Rein in Rayner
WITH friends like Angela Rayner, who needs enemies?
The Deputy Prime Minister has ramped up Labour party in-fighting with another thinly-veiled attack on Chancellor Rachel Reeves.

Yesterday she was forced to deny she ever wants to be party leader, after the leak of a memo showing her apparently backing more tax hikes rather than the spending cuts proposed by The PM and his floundering Chancellor.
But she used a TV interview to undermine Ms Reeves further by suggesting early answers on the reinstatement of winter fuel payments for pensioners.
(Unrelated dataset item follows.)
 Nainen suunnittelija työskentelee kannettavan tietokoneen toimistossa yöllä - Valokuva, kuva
She also hit out at stagnant wages, job insecurity, the soaring cost of living and rising housing costs, which she blamed on the last Tory government but which she well knows are all worsening under the current Chancellor’s stewardship.
The memo, which Ms Rayner denies leaking, has been seen as a move to boost her standing with Labour left-wingers threatening to revolt against welfare cuts, though insiders have told The Sun she actually supported the cuts in Cabinet.
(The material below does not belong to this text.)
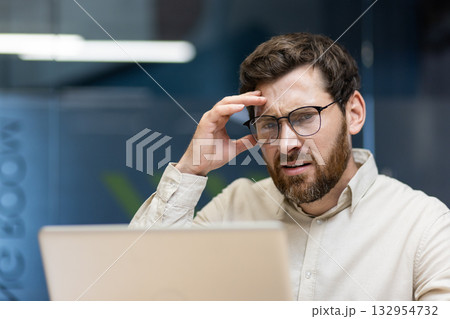 Close-up portrait of a young upset male businessman sitting in the office in front of a laptop and holding his head in frustration. 132954732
With Labour panicked by the surge in support for Reform, and Nigel Farage set to promise he would restore the winter fuel allowance and end the two-child benefit cap, the sense of a Government in crisis is growing rapidly.
Le fish fingers
THE French navy routinely fails to stop boats overloaded with migrants from setting off from its waters — and often ushers them on their way to the UK in breach of international obligations.
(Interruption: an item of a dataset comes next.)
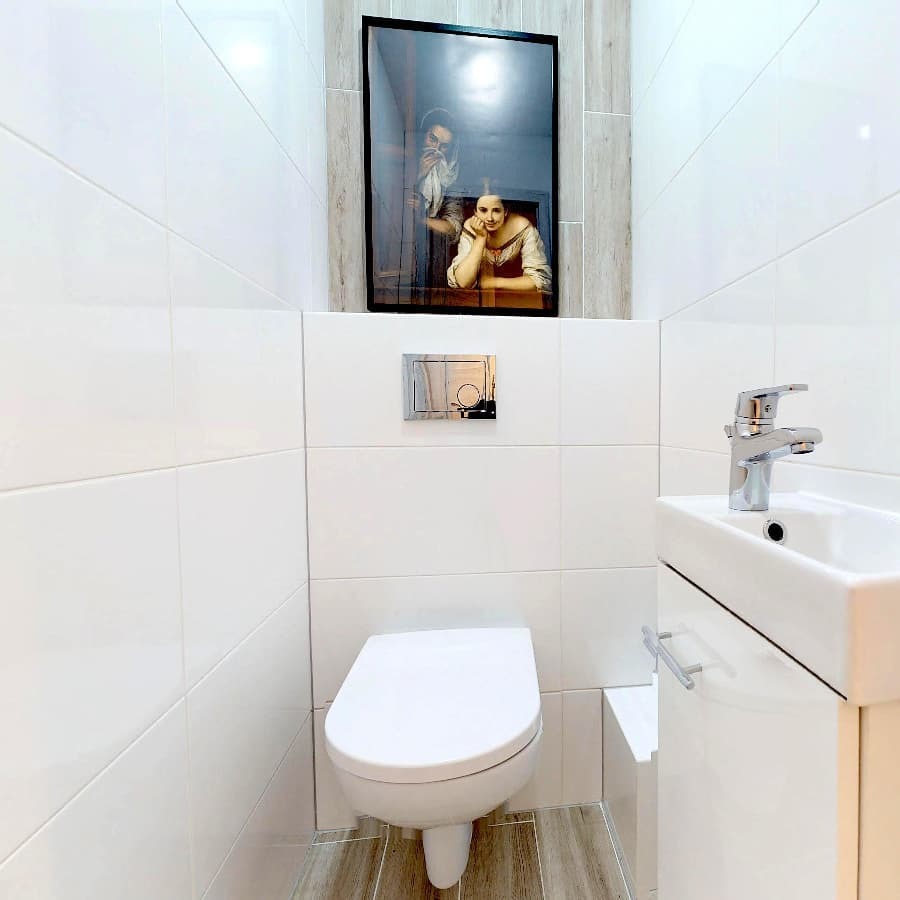 Nowoczesna, biała toaleta z podwieszaną muszlą, umywalką z szafką i chromowaną armaturą, ozdobiona obrazem w czarnej ramie, na tle białych płytek.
And yet, at the merest suggestion that a British trawler might have strayed on to the French side of The Channel, they move rapidly to seize the boats.
Two British trawlers have now been impounded within a week, one either side of Sir Keir Starmer’s craven surrender to the EU which allows French fishermen to continue to plunder British fish stocks for another 12 years.
While the UK government falls over itself to help our “friends”, especially if to our own detriment, the French authorities nakedly act only in their own best interests, and brazenly give two fingers to supposed allies.
So much for a “reset”.
British Snail
COMMUTERS will have looked on with a wry grimace as the first renationalised rail service included a bus replacement.
They have grown used to over-priced, cancelled or non-existent trains.
But if they think it’s all going to magically change under government control they are likely to be sorely disappointed.
“Great British Railways: coming soon,” the new train livery boasted.
Expect a “late arrival” announcement.